7 With Palestinians so fragmented within historic Palestine, is it unrealistic for us to expect them to take the lead in the movement for one state? What is the role of Palestinians in the Diaspora?
The problem is Israel. It’s so powerful and it will not willingly give up its power. The Palestinians who have come to understand Israeli society are the Palestinians who live in ’48. They must lead the movement for one state, along with Palestinians in the Diaspora. I also think that Palestinian MKs, the Members of the Knesset, have an important role to play. Although to serve in the Knesset, they cannot call for one state, they can continuously remind Israeli Jews about the Palestinian citizens of Israel who are not going away. Israeli authorities are afraid of one state and that is a reason why the Nation State Law was passed in July 2018. But this law demonstrates that Israel is a racist state. Israel claims to be a democracy but now we have every reason to challenge it and ask it to give up its privilege.
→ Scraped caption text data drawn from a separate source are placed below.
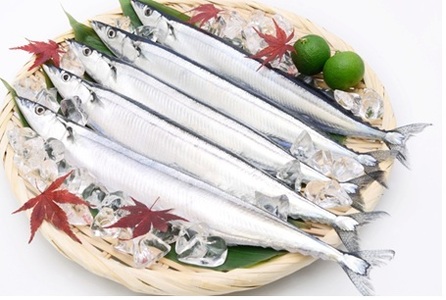 [12月14日決済分まで年内配送][北海道根室産]冷凍生サンマ20尾(真空パック5尾入×4P)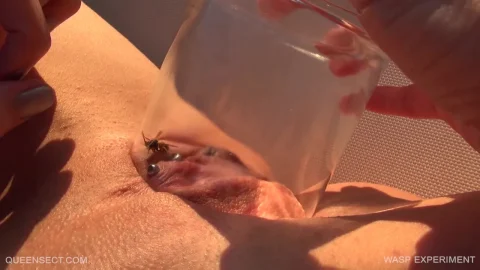 Wasp Experiment – tubebdsmsex net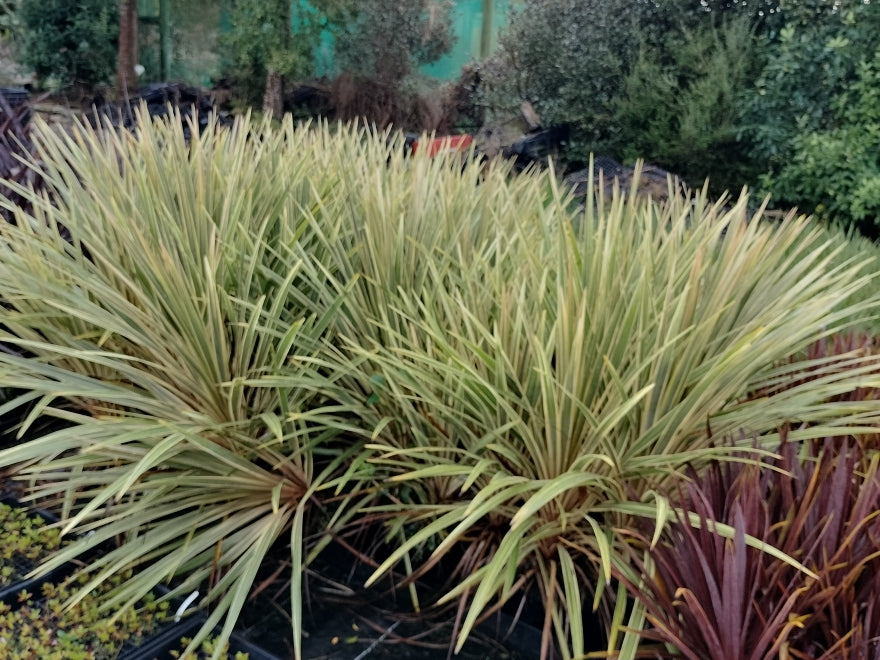 10x Cordyline Torbay Dazzler - XL Size - $9.99 each
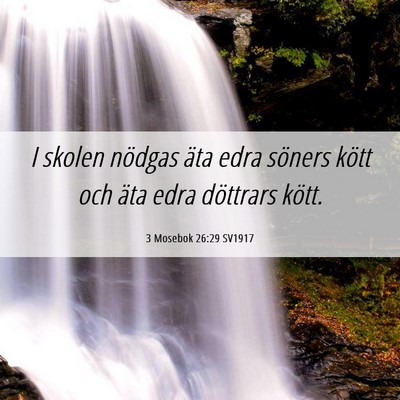 Picture 06 - 3 Mosebok 26:29 SV1917 - I skolen nödgas äta edra söners kött och äta - Bible Verse Picture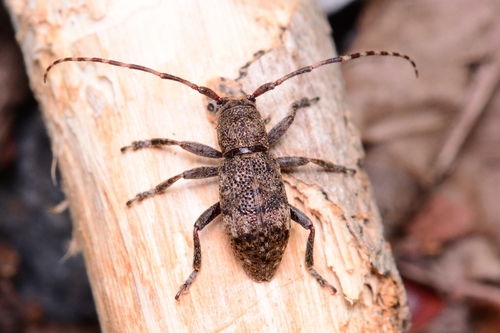 Pterolophia jiriensis · iNaturalist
The Palestinians living in the Occupied Palestine Territory – the West Bank, East Jerusalem, and Gaza – are just fighting for their survival. We can’t expect them to lead this movement for one state.
8 What needs to be done to get Israel to give up its power and what part can international civil society play?
I believe that BDS – boycotts, divestment, and sanctions – are very important. Israel is so strong economically and now it is working with China and India as well. International civil society has a part to play with the grassroots movements that are happening. Israel must feel pressure; it should be sanctioned. The EU should be doing more to nudge Israel along. What is happening with the ICC (the International Criminal Court) is very important. We also need to look at what is happening in Syria and in the wider Middle East. There are authoritarian regimes in the Middle East trying to hold down its people. But we saw the Arab Spring and people rising up because they also want their rights. All these regimes must be held accountable.
9 So what is your final message to leave with us?
Nowadays, it is becoming easier to talk about Palestine in the US, so I see some hope. People are becoming more informed. There are many good movements here and a growth in intersectionality which is bringing together movements that address injustice and Palestine is right there, amongst them. Also, young Jews in America aren’t tied to Israel and they are outspoken, willing to criticize it. Then we see people in Congress speaking out about Palestine, which never used to happen before.
I think that during the 1990’s things changed in Europe. It had been more understanding of Palestine’s history and it supported the Palestinian struggle, but that ground was lost. Little by little messages in the media brought about a change so that people became more sympathetic to Zionist voices and now there is conflation between anti-Zionism and anti-Semitism. I hope that organisations like ECCP (European Coordination of Committees and Associations for Palestine) can help the EU hold Israel to account. The EU must do this.
10 Do you still aspire to be a politician back in Palestine?
Let’s see. I always keep the door open to what might unfold.